Notice: Fourth Circuit Local Rule 36(c) States That Citation of Unpublished Dispositions is Disfavored Except for Establishing Res Judicata, Estoppel, or the Law of the Case and Requires Service of Copies of Cited Unpublished Dispositions of the Fourth Circuit.tracy Marie Gibson, Plaintiff-appellant, v. Commonwealth of Virginia State Education Assistanceauthority, Defendant-appellee,anddebera F. Conlon, Trustee, 86 F.3d 1150 (4th Cir. 1996)Annotate this Case
Appeal from the United States District Court for the Eastern District of Virginia, at Norfolk. Rebecca B. Smith, District Judge. (BK-94-23424-B; CA-95-268-2)
ARGUED: Tom Cain Smith, Jr., Virginia Beach, VA, for Appellant. Daniel Gordon Bloor, Assistant Attorney General, OFFICE OF THE ATTORNEY GENERAL, Richmond, VA, for Appellee. ON BRIEF: James S. Gilmore, III, Attorney General, OFFICE OF THE ATTORNEY GENERAL, Richmond, VA, for Appellee.
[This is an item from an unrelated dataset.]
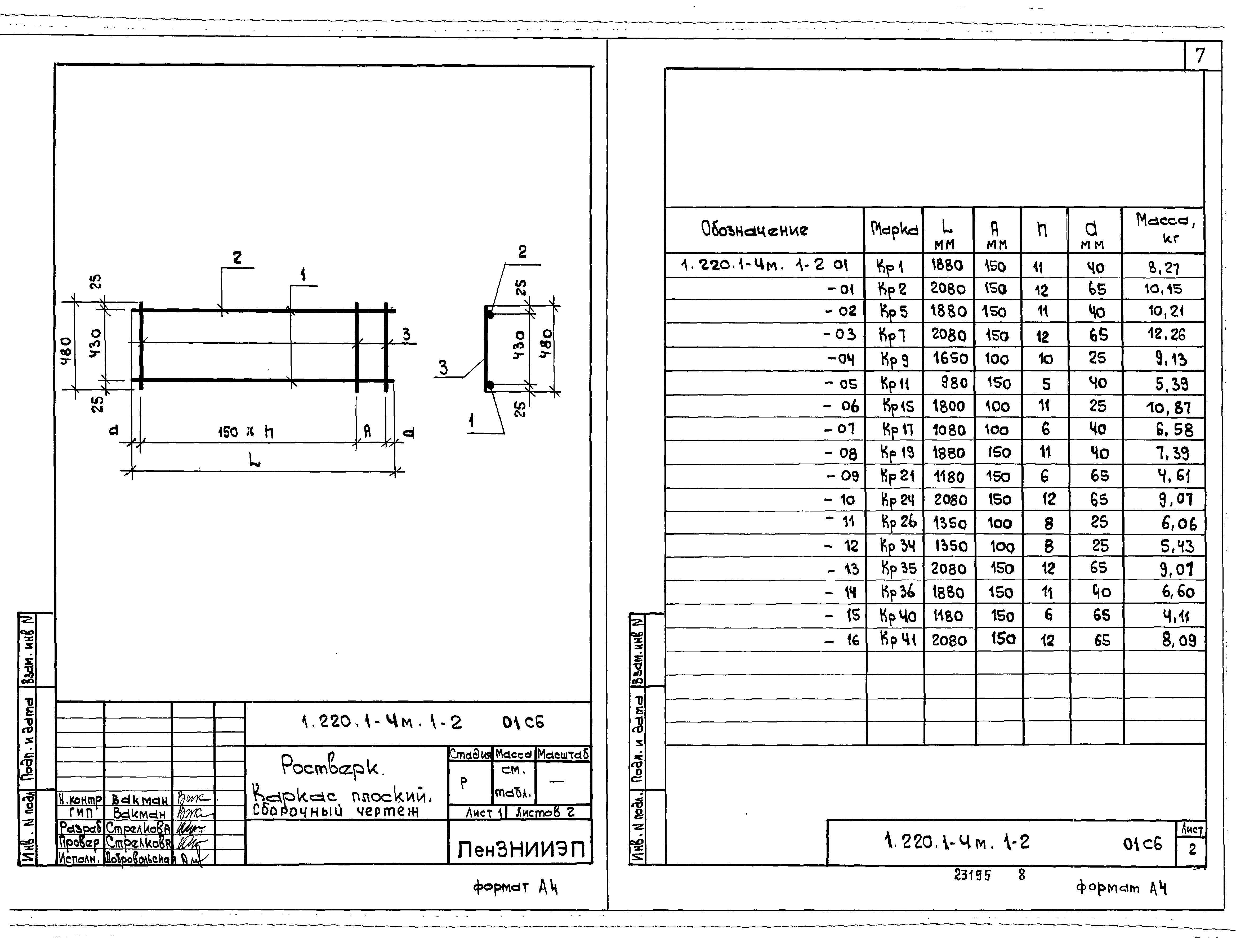 Серия 1.220.1-4м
Before RUSSELL, HALL, and LUTTIG, Circuit Judges.
Appellant, Tracy Marie Gibson, brought this action in conjunction with a Chapter 13 bankruptcy petition, seeking a determination of whether her student loans are dischargeable in bankruptcy. Gibson owes Appellees, Commonwealth of Virginia Education Assistance Authority, approximately $16,000 in student loan debt. Pursuant to 11 U.S.C. § 523(a) (8) (A) (1994), student loans are dischargeable in bankruptcy only if they first became due more than seven years prior to the filing of the bankruptcy petition, "exclusive of any applicable suspension of the repayment period. "
Gibson's loans first became due on July 5, 1987. She filed her Chapter 13 petition on July 22, 1994. Hence, at first blush it appears Gibson's student loans have been due for the requisite seven years. However, for 105 days in 1988, repayment of this debt was automatically suspended by virtue of Gibson's filing of a Chapter 7 bankruptcy petition. If these 105 days are considered an applicable suspension of the repayment period, they must be excluded from § 523(a) (8) (A)'s seven-year period, and Gibson's student loans cannot be discharged.
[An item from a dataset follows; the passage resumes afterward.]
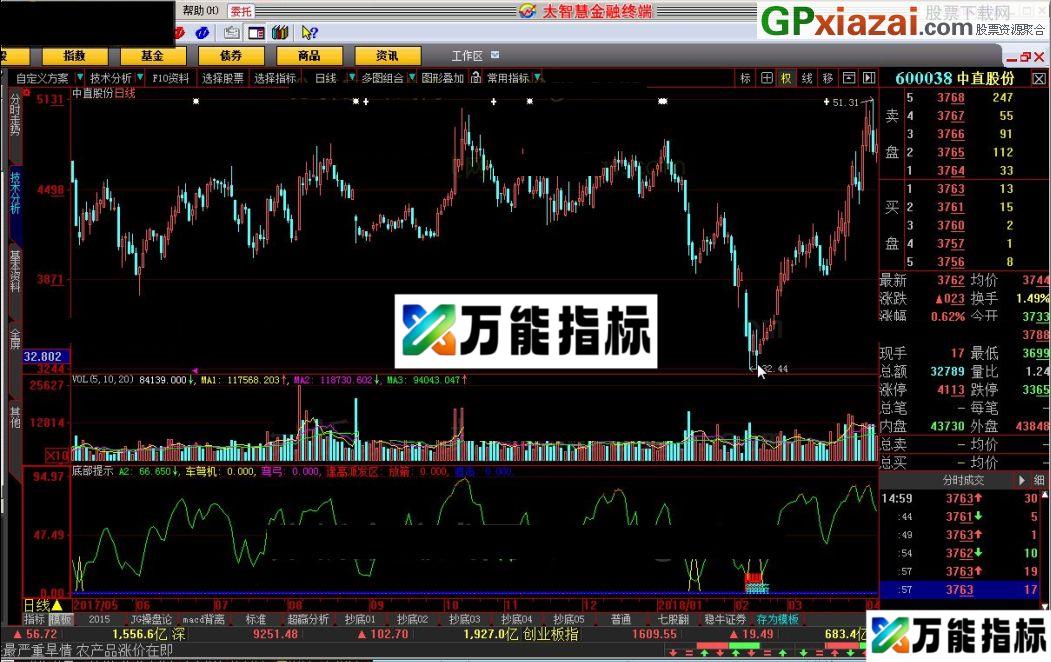 底部提示 大智慧指标 源码 贴图 简单直观的一款指标 EA-万能指标公式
The bankruptcy court held that a prior suspension of repayment during a Chapter 7 bankruptcy proceeding was not an "applicable suspension" to be excluded from § 523(a) (8) (A)'s seven-year repayment period. The district court reversed. In so doing, the district court found that § 523(a) (8) (A)'s plain language requires tolling of the repayment period during any applicable suspension of repayment.
Repayment was clearly suspended for 105 days in 1988; hence, § 523(a) (8) (A)'s plain language requires that period to be excluded from calculation of the requisite seven years. Accord Saburah v. United States Department of Education (In re Saburah), 136 B.R. 246, 254 (Bankr.C.D. Cal. 1992) (holding that length of time repayment was suspended during prior Chapter 7 bankruptcy petition tolls § 523(a) (8) (A)'s seven-year repayment period).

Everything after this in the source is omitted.